Weil «Vincent» keinen hoch kriegt, wenn er an Mädchen denkt, wird Sarah Connors Coming-out-Song von mehreren deutschen Radiosendern blockiert. Die Sängerin versteht die ganze Aufregung nicht.
Weil «Vincent» keinen hoch kriegt, wenn er an Mädchen denkt, wird Sarah Connors Coming-out-Song von mehreren deutschen Radiosendern blockiert. Die Sängerin versteht die ganze Aufregung nicht.
Keystone

Sarah Connor: «Chance, über das Thema zu sprechen»

Sarah Connor hat verständnislos auf die Ablehnung ihres Coming-out-Songs reagiert. In einem RTL-Interview sagte die Musikerin: «Wir tun ja immer so, als wäre es überall, als wäre es völlig in Ordnung, und dann bringt es ein Song auf den Punkt, und dann gibt's plötzlich Ressentiments.»
Connor sieht in ihrem Song einen Gesprächsanstoss: «Ich finde, man sollte es als Chance ergreifen, darüber zu sprechen.»

Zum Hintergrund erklärte sie, dass es in ihrem Bekanntenkreis einen Jungen gebe, einen Freund ihrer Kinder, der sich im vergangenen Jahr geoutet habe.
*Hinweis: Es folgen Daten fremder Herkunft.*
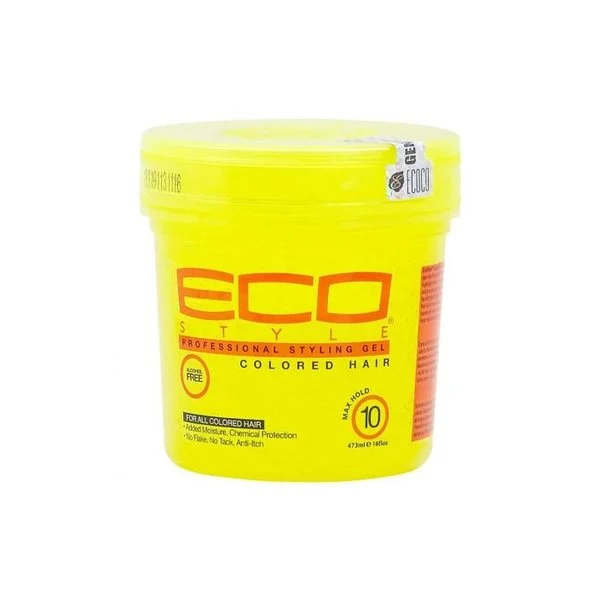 Eco Styler Yellow Styling Gel For Colored Treated Hair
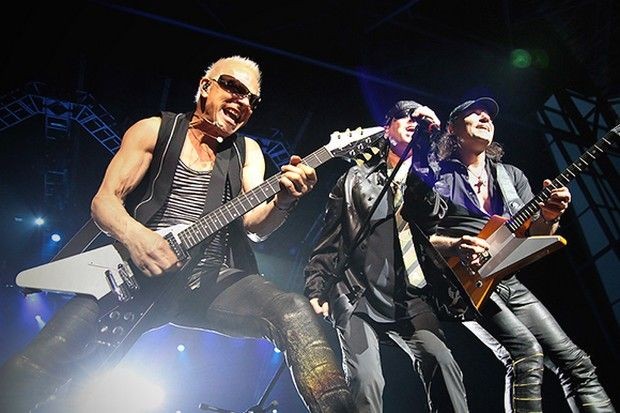Phim tài liệu đặc biệt về Scorpions được công chiếu tại Việt Nam Phim tài liệu đặc biệt về Scorpions được công chiếu tại Việt Nam
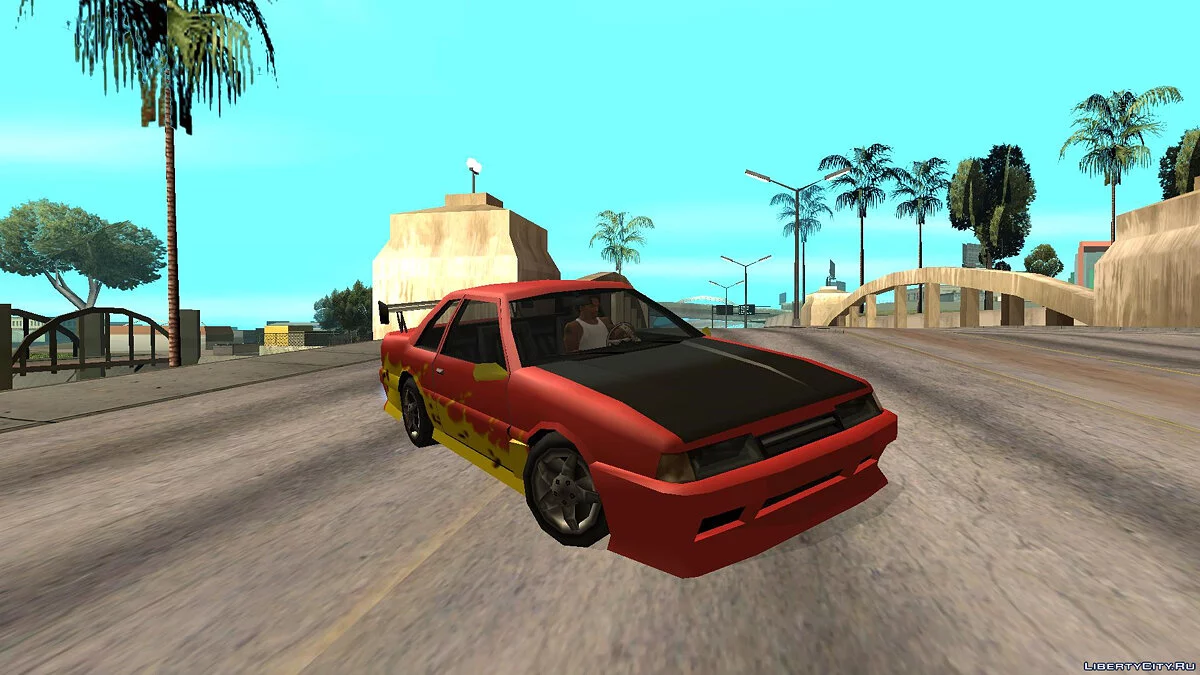 1986 Karin Previon (Tunable) v1.1b / GTA San Andreas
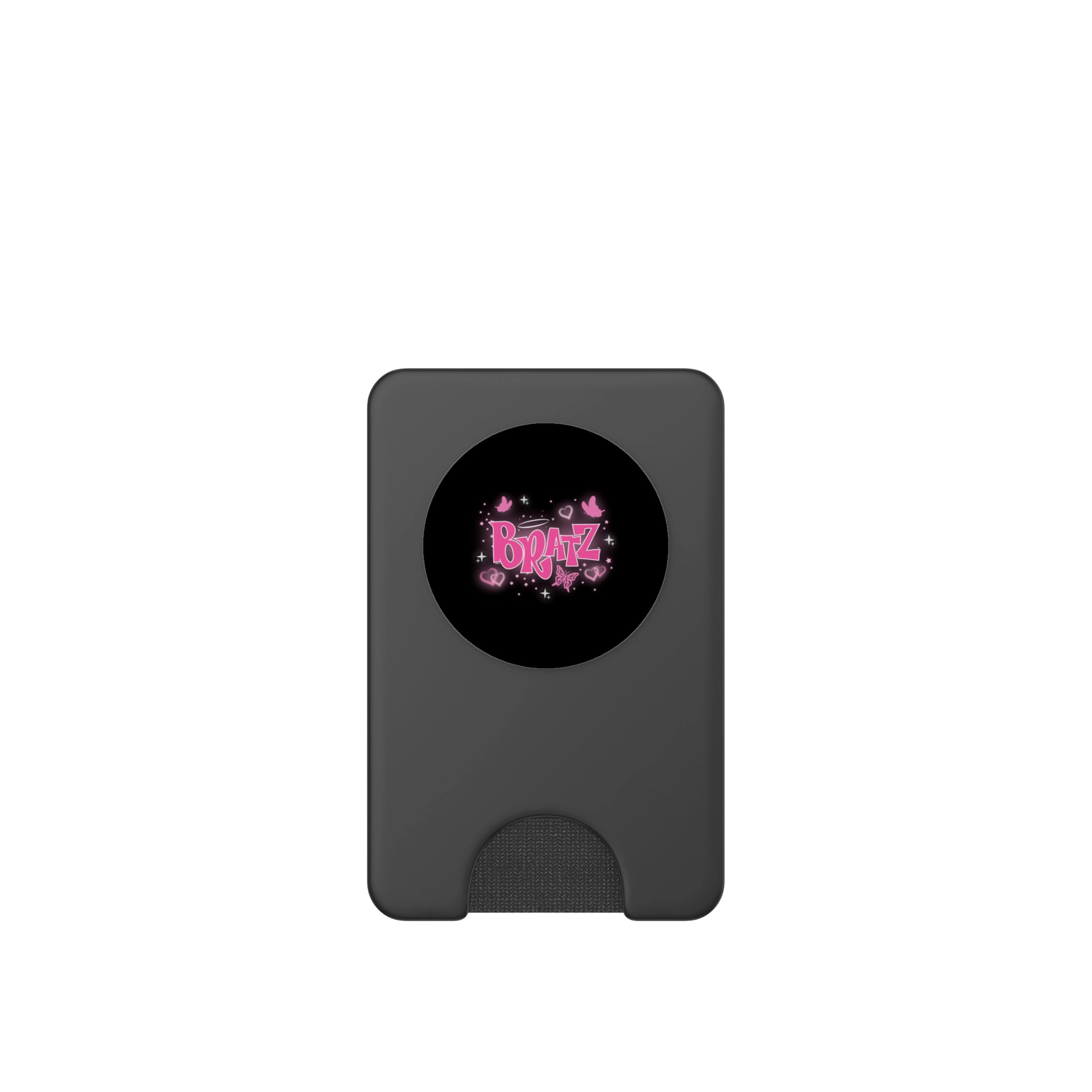 PopWallet - Pink Butterfly Logo MagSafe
Sie habe den Song ihrer Plattenfirma und ihren Kindern vorgespielt. «Ehrlich gesagt gab es niemanden, der nicht am Ende des Songs verstanden hat, dass es um Liebe geht.»

Der Berliner Familiensender «Radio Teddy» sieht das anders und spielt das Lied laut «Bild» gar nicht. Hitradio Antenne 1 in Stuttgart sendet im Tagesprogramm eine entschärfte Version, wie Programmkoordinator Daniel Stupp sagte. Das Wort «hoch» ist dort nicht zu hören, sondern mit einem Instrumental unterlegt. Es sei ein familienorientierter Sender, und so gerieten Eltern nicht unter Erklärungszwang. Auf keinen Fall wolle der Sender aber auf den Song verzichten, so Stupp: «Grundsätzlich finden wir, dass das das richtige Lied an der richtigen Stelle ist. Auch mit dem richtigen Inhalt.»

Steckt ein kalkulierter PR-Coup dahinter?

Auch Tenz betonte: «Wir finden den Song ganz grossartig und unterstützen auch das Thema Toleranz.» Aber es müsse nicht sein, dass Kleinkinder das im Radio hören, sagte Tenz, die bei Antenne Bayern auch Jugendschutzbeauftragte ist. «Ich möchte Sarah Connor erleben, wie sie künftig ihrem kleinen Sohn erklärt, was damit gemeint ist.»

Aus ihrer Sicht steckt hinter dem Text und der Veröffentlichung auch eine Strategie, eine Debatte auszulösen: «Wenn der erste Song des neuen Albums ausgerechnet mit einem solchen Satz beginnt, dann ist da PR einkalkuliert.»

Zustimmung für Connor kommt vom Bayerischen Rundfunk. «Wir finden den Song musikalisch toll und textlich sehr mutig, und deswegen läuft er regelmässig in Bayern 3», erklärte Bayern-3-Programmchef Thomas Linke-Weiser. «Wir haben bisher so gut wie keine Beschwerden unseres Publikums deswegen bekommen.» Eher fänden es die Leute gut, dass sich eine Mainstream-Künstlerin wie Connor eines solchen Themas annehme.